I've also heard of side-channel attacks on Signal that could allow for profiling a user's location, which with the FBI's resources could presumably eventually result in identification.

Comment by copirate 1 day ago

Sure, I was not talking about Signal. Something like Bitmessage[1] can.

[1] https://en.wikipedia.org/wiki/Bitmessage

Comment by octoberfranklin 12 hours ago

Bitmessage is/was awesome, but it fundamentally doesn't scale.

Every user has to attempt decryption of every message sent by any sender. Later they cobbled on some kind of hokey sharding mechanism to try to work around this, but it was theoretically unmotivated and an implementation minefield (very easy for implementation mistakes in the sharding mechanism to leak communication patterns to an observer).

Bitmessage would be great if we had something like Schnorr signatures (sum of (messages signed with different keys) = (sum of messages) signed with (sum of keys)) that could tell you if any of the sum of a bunch of messages was encrypted to your secret key. Then you could bisection-search the mempool.

Comment by NoGravitas 1 day ago

Reading the comments on this is the first time I've hoped that most HN comments are made by bots.

Comment by florkbork 1 day ago

I think it's important to assess the quality of the comments - they aren't bringing facts, just stating opinions; doing so quickly and agreeing with each other. You can test this out - pick a few names on the comments that disagree, ctrl+f, and you'll quickly find one individual with 29 comments at the time of writing all over the thread; with a handful of others with 1-4 responses.

This is not actually what the majority of people think and feel.

IE; from recent polling > 55%+ of Americans have “very little” confidence in ICE, while 16 percent only have "some".

That's ~71% of ordinary US folks; and I would wager many international folks are very clear eyed about the situation.

But why don't you see a ratio of 7/10 of top level comments critical?

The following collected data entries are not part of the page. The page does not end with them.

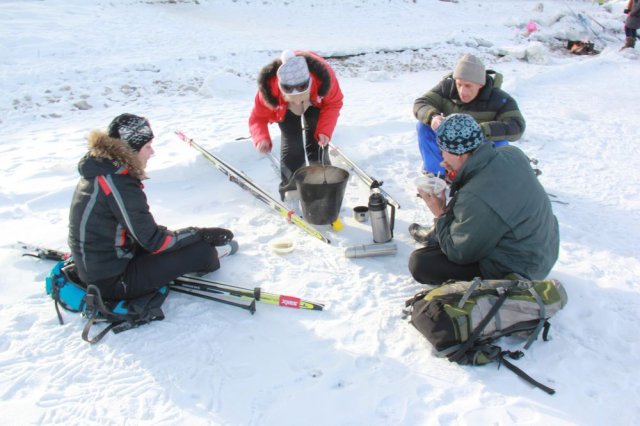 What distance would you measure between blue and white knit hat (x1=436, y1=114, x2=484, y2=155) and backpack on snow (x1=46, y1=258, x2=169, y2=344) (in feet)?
7.82

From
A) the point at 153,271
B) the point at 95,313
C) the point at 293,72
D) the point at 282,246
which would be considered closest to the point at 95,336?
the point at 95,313

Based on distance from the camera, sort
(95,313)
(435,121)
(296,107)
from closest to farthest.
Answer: (95,313) < (435,121) < (296,107)

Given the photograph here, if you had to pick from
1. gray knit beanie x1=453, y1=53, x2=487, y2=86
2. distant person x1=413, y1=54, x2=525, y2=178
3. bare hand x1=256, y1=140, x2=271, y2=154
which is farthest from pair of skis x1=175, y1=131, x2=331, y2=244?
gray knit beanie x1=453, y1=53, x2=487, y2=86

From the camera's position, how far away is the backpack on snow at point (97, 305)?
3.25 metres

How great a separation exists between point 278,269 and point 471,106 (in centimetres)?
269

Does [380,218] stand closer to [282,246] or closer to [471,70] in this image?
[282,246]

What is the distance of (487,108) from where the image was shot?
15.9 ft

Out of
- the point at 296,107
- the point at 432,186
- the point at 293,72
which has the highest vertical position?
the point at 293,72

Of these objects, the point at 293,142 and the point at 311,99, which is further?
the point at 293,142

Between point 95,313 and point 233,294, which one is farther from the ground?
point 95,313

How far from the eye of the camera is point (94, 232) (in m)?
3.20

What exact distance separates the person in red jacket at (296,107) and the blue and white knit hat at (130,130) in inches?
62.4

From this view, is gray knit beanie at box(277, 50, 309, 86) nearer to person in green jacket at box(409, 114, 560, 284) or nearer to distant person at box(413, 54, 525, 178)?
distant person at box(413, 54, 525, 178)

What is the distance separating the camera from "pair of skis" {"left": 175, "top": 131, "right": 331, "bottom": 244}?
14.8ft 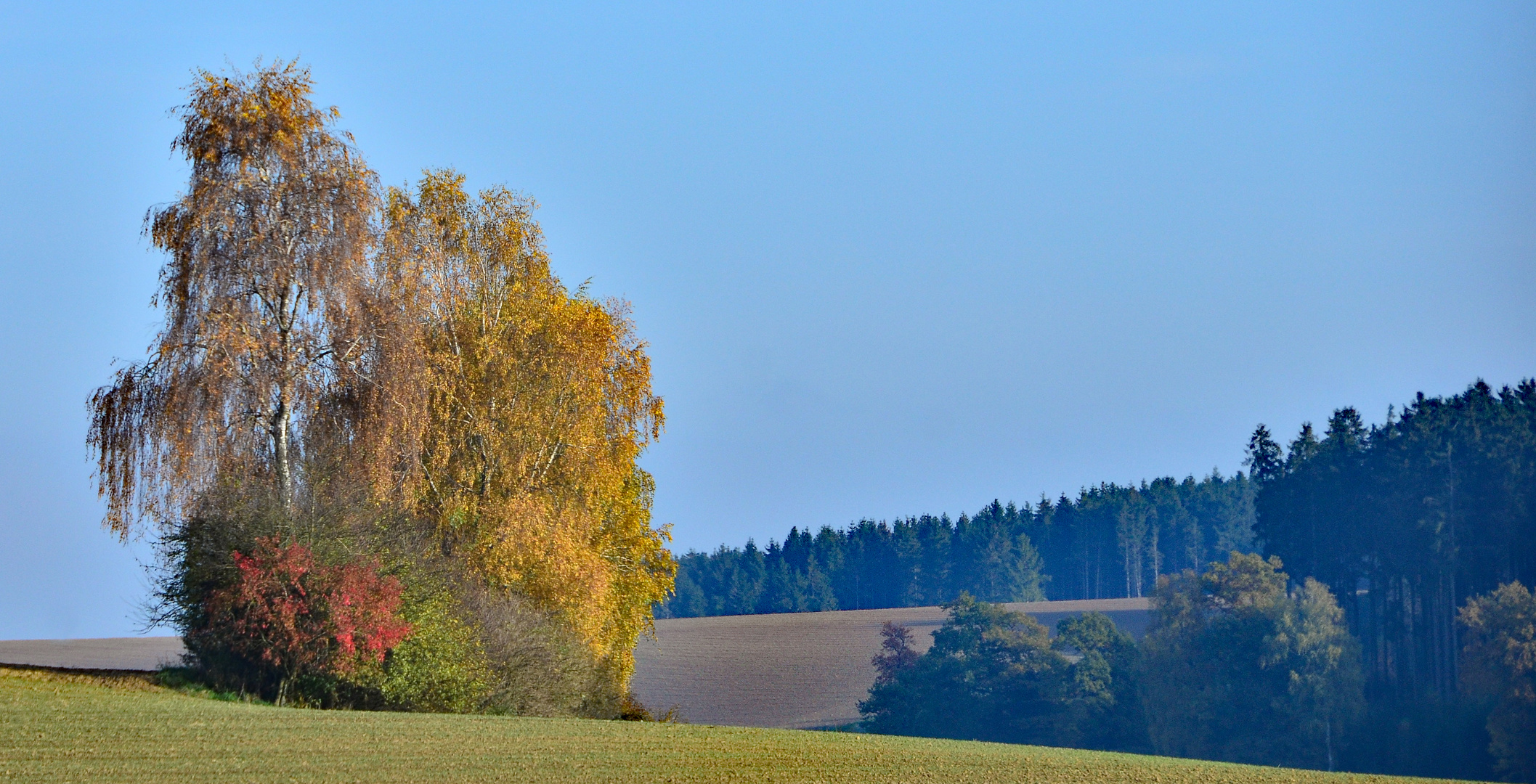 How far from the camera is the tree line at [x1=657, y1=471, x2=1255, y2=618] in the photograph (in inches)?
5556

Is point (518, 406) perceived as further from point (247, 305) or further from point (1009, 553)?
point (1009, 553)

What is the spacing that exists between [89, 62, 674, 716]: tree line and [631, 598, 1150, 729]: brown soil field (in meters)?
39.8

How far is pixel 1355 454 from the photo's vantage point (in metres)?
83.9

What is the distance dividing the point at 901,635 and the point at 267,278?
70.4 metres

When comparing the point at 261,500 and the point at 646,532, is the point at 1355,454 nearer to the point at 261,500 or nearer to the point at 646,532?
the point at 646,532

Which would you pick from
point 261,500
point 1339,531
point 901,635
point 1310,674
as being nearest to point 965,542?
point 901,635

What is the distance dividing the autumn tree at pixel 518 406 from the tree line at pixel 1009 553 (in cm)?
11041

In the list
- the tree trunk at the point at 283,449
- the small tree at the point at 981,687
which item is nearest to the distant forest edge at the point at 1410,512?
the small tree at the point at 981,687

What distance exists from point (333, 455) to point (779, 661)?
7417 centimetres

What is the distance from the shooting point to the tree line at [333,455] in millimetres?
25469

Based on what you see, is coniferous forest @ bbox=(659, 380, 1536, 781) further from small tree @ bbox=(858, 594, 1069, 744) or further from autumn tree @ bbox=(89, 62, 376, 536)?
autumn tree @ bbox=(89, 62, 376, 536)

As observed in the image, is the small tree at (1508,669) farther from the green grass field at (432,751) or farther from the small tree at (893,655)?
the green grass field at (432,751)

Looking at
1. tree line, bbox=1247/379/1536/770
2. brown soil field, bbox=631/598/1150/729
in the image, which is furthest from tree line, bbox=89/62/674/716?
tree line, bbox=1247/379/1536/770

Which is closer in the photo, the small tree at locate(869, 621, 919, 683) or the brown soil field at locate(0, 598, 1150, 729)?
the brown soil field at locate(0, 598, 1150, 729) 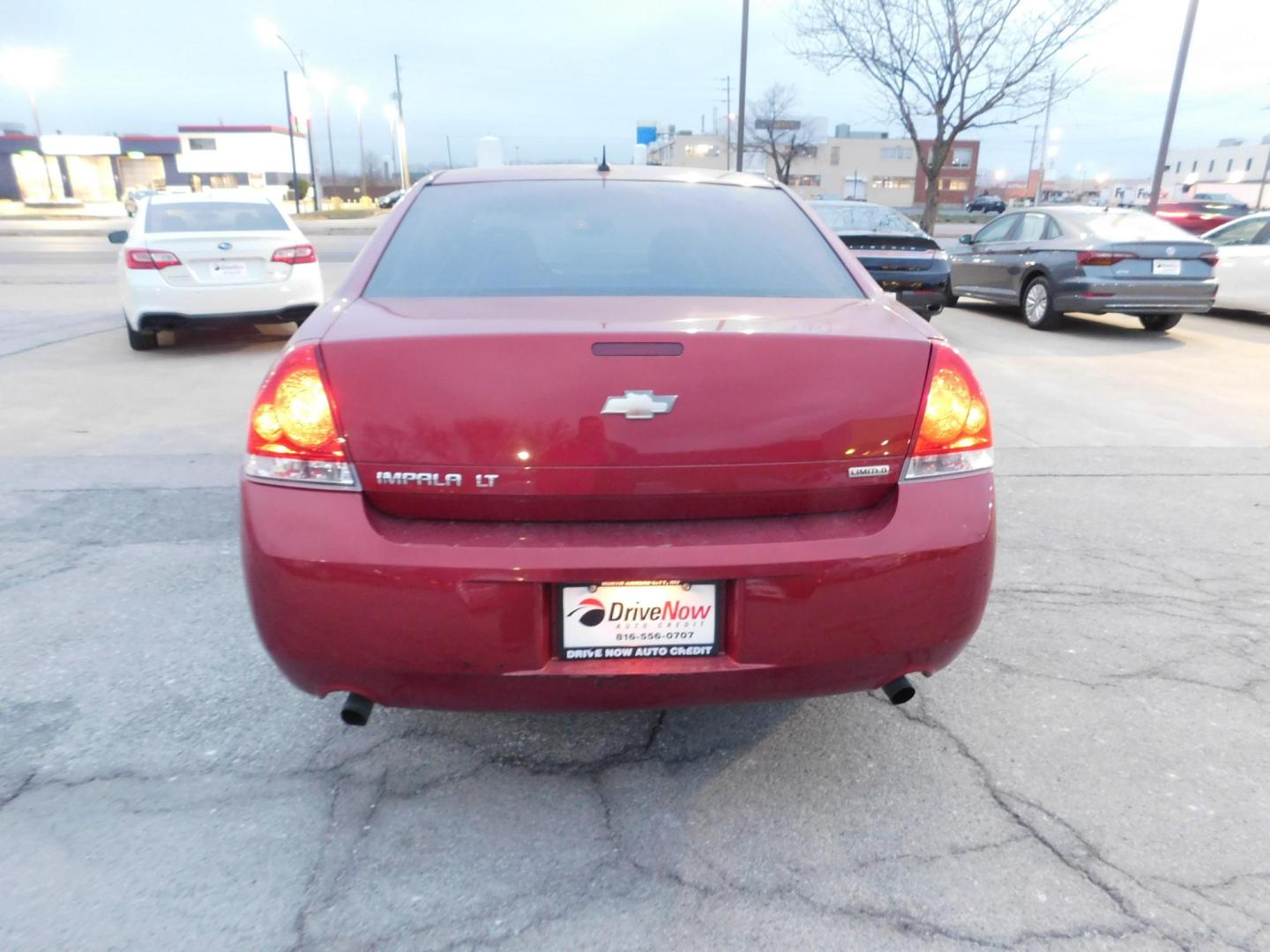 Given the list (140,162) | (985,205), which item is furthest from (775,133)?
(140,162)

It's reasonable to assume that about half of those people are just keeping to themselves or part of the political middle that feel something is a "bit wrong"; but not quite enough to go yell into the internet about it. For the others, arguing is tiring and doesn't seem to change much. Watching the situation induces feelings of dread, despair or helplessness.

On the opposing side, that 29% of people are faced with the fact that they might actually be the "baddies" (https://www.youtube.com/watch?v=ToKcmnrE5oY), and a good number of them are flooding conversations to prove they are in fact "not"... because admitting otherwise would mean they are actually doing something quite morally or ethically wrong by their own or their community standards. Since that would be unthinkable! the only logical reaction is to post frequently in shrill defense.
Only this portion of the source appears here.